Para além do sentimento de que a política não conseguiu lidar com as grandes crises dos últimos anos, há também a impressão "de que estão pior" do que os seus pais em termos de condições socioeconómicas.
O desinteresse dos jovens pela democracia resulta, portanto, de um desfasamento geral e contínuo entre o que eles exigem e o que é efetivamente realizado pela classe política. Em média, cerca de um terço dos inquiridos não confia nos políticos para servirem os seus interesses e abordarem as questões que lhes interessam, sobretudo a pobreza, a desigualdade, os direitos humanos, as alterações climáticas e a corrupção.
Estará a democracia realmente em risco de extinção?
Nenhum dos especialistas considera que a extinção da democracia seja minimamente possível.
"As democracias continuam a surgir e as já estabelecidas nunca caíram. Na verdade, é errado dizer que existe uma crise da democracia. Existem problemas de funcionamento em algumas democracias, por exemplo na Hungria, na Polónia.
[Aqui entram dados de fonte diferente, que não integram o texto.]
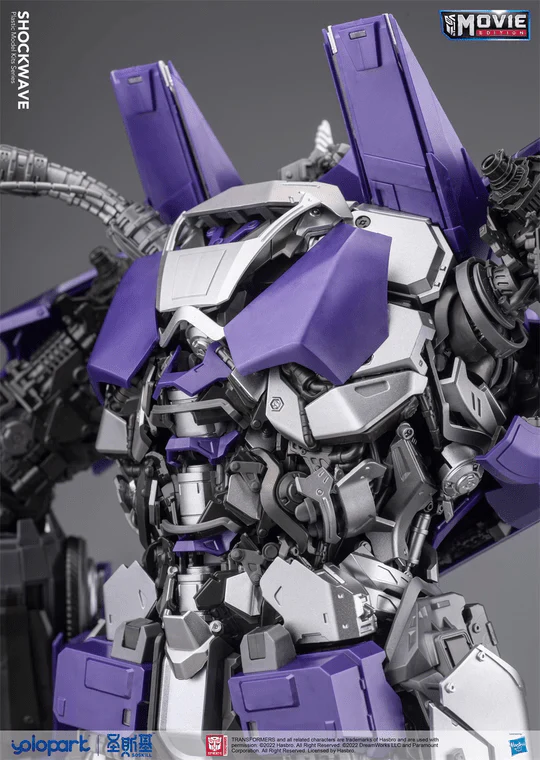 Transformers Bumblebee Shockwave Model Kit - Image 10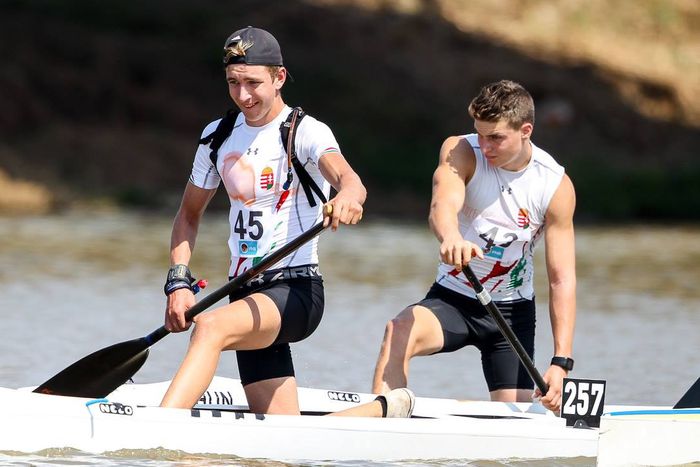 Adolf Balázs (balra) már a válogatókon is kemény csatákra készül (Fotó: szentendreikajakkenu.hu)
Mas a democracia não está em crise", afirma Gianfranco Pasquino, professor honorário de Ciência Política.
Samarasinghe acrescenta: "os valores que as pessoas defendem, incluindo os direitos humanos, estão tão profundamente enraizados, mesmo nos países que têm governos mais autoritários, que não há maneira de desaparecerem".
A preocupação é outra: o que pode acontecer durante este período de desalinhamento. "Penso que os líderes políticos, nacionais e internacionais, têm de ter em mente as consequências da inação".